Another James Bond hit
It could be argued that, until the 1977 chapter in the James Bond movie franchise, “The Spy Who Loved Me,” relatively few Americans who were not diehard sports car enthusiasts had never heard of a car called the Lotus. But, when a white, gadget-laden Lotus Esprit screamed across the screen and even converted into a submarine for a brief swim in the ocean, Lotus was definitely top of mind.
The Esprit was a badass-looking ,wedge-shaped road missile that captured the spirit of the mid 1970s, good and bad. Most moviegoers in 1977 would probably have been surprised to learn that the exotic Lotus had just a small four-cylinder engine under the fiberglass skin.
The Esprit, in various forms, would live on for a remarkable 29 years and was a more evolved and more powerful car in the second half of its lifespan. We’ll look at other versions in a later post.
Lotus Grows Up
From its inception, Lotus had offered its road and race cars in complete form or as kits for buyers to assemble, thereby saving some U.K. taxes. The company had bigger ambitions for the 1970s, and leaving kits behind was part of that. The four-seat 1974 Elite revived an old name and put a new, somewhat polarizing body on a larger, revised version of the Elan +2 chassis.

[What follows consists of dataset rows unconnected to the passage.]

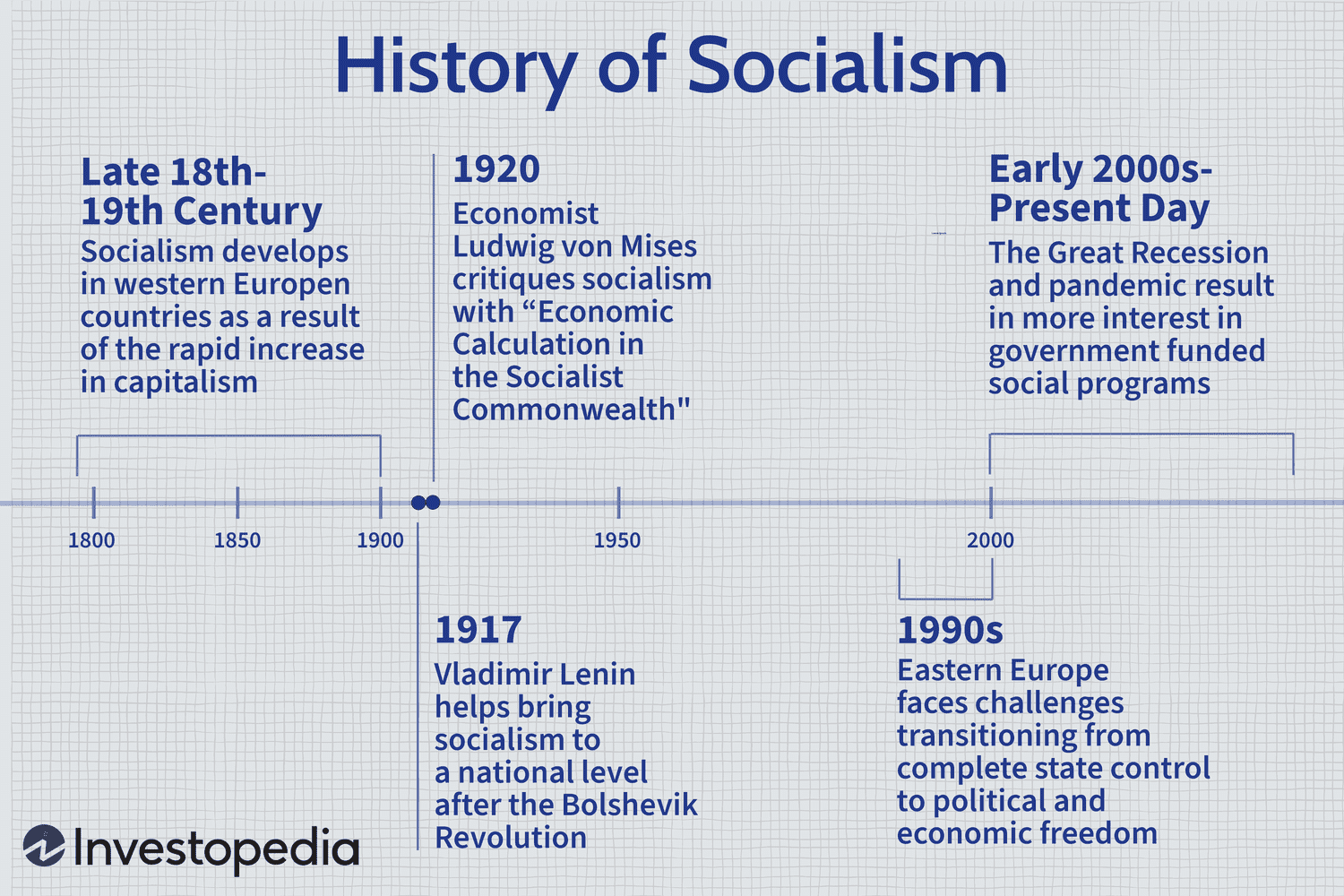 Socialism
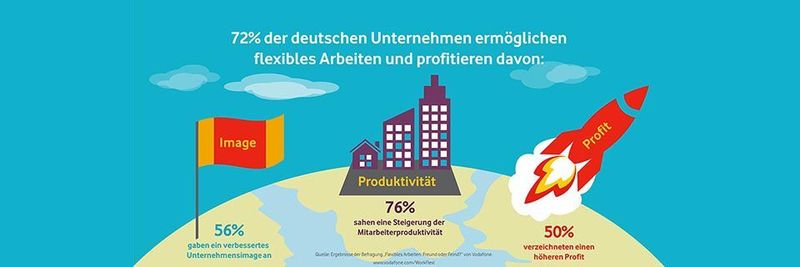 Flexibles Arbeiten macht Unternehmen produktiver, profitabler und für Mitarbeiter attraktiver.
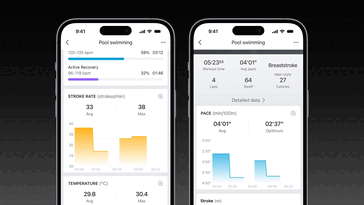 Az Amazfit 2026. szeptemberi szoftverfrissítése javítja a medencés úszást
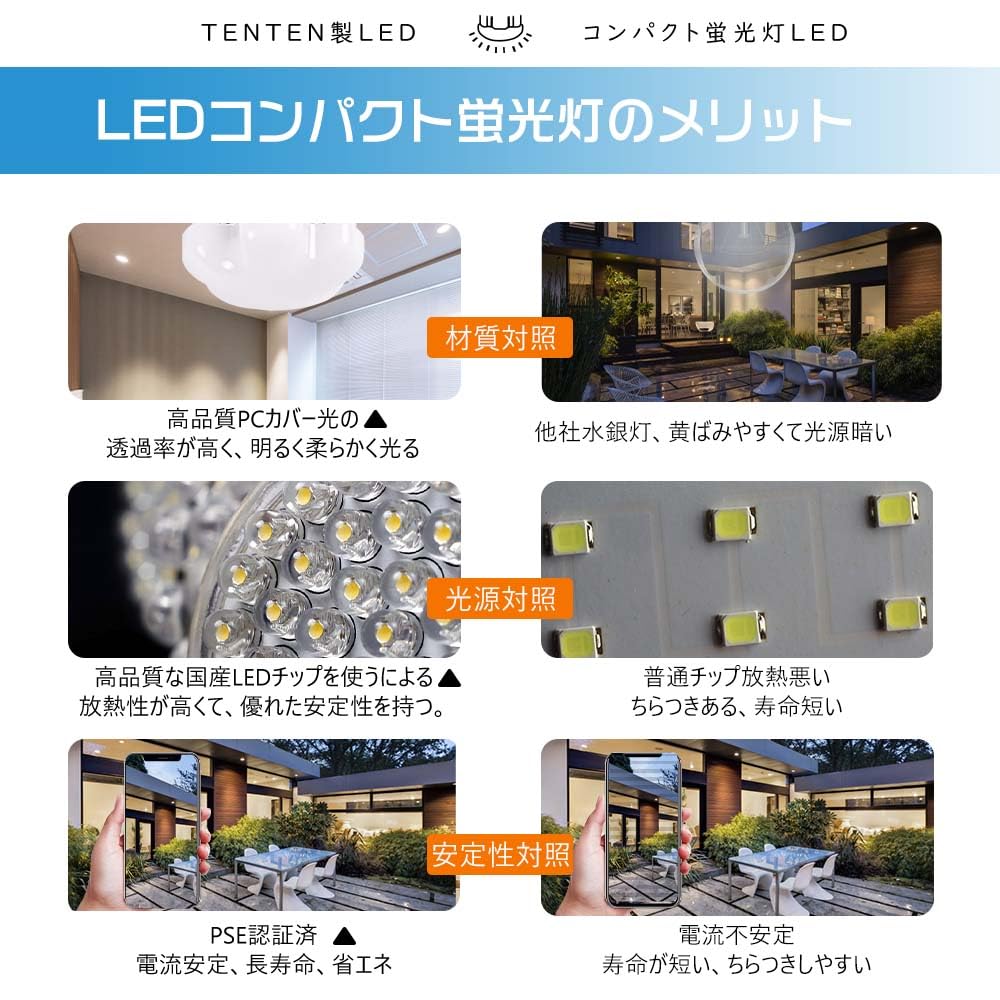 Amazon | FDL18EX-L ツイン2 18ワット3波長形 FDL18EX-N ツイン蛍光灯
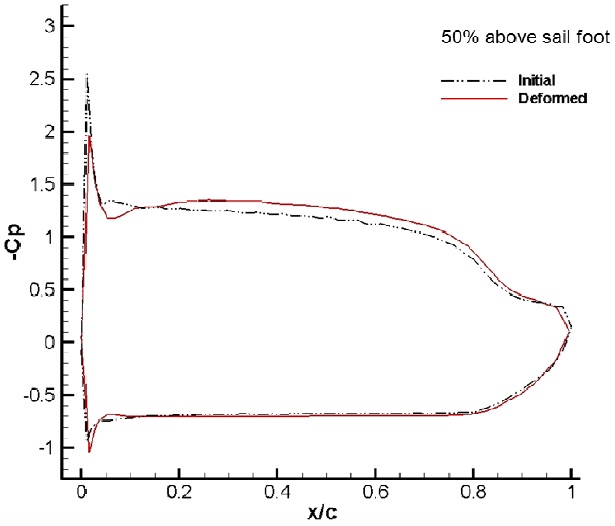 Comparison of pressure distributions on the section of 50% sail height.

Next, Lotus turned toward a mid-engine sports car, something striking that would put the marque in league with more premium models. Lotus, after all, had six Formula One constructors’ championships in its trophy case by the time the Elite appeared; it was time to put more racecar expertise on the road.
Lotus had already offered a mid-engine sports car in 1966, the Europa. It was a wizard in the curves, but its design was odd, to say the least, looking like a cross between a sports car and tiny utility truck.
For the next middie, Lotus turned to a design master, Giorgetto Giugiaro, who had also designed Maserati’s wedge-shaped Ghibli and Bora.That was the big league where Lotus wanted to be with the new model, which would be called Esprit.
The Esprit used the backbone-style chassis that Lotus favored, but Lotus dipped into some corporate parts bins. It is borrowing front suspension from a workaday Vauxhall Cavalier, for example.
Lotus designed the rear suspension and used inboard disc brakes. They are great for reducing unsprung weight and enhancing agility but are a nuisance to mechanics everywhere. As on previous Lotus models, and in keeping with Chapman’s “add lightness” mantra, the Esprit’s body was fiberglass.
Cursed at First
The Esprit’s engine may have roared like a Ferrari onscreen in the James Bond film, but it was no mountain lion. The Lotus 907 engine, a relatively advanced 2.0-liter DOHC inline-four with four valves per cylinder, was first produced in volume for the 1972 Jensen Healey. That helped Lotus recoup some of its investment. However, the early engines were plagued with problems and pretty much sunk the pretty Jensen sports car in the market.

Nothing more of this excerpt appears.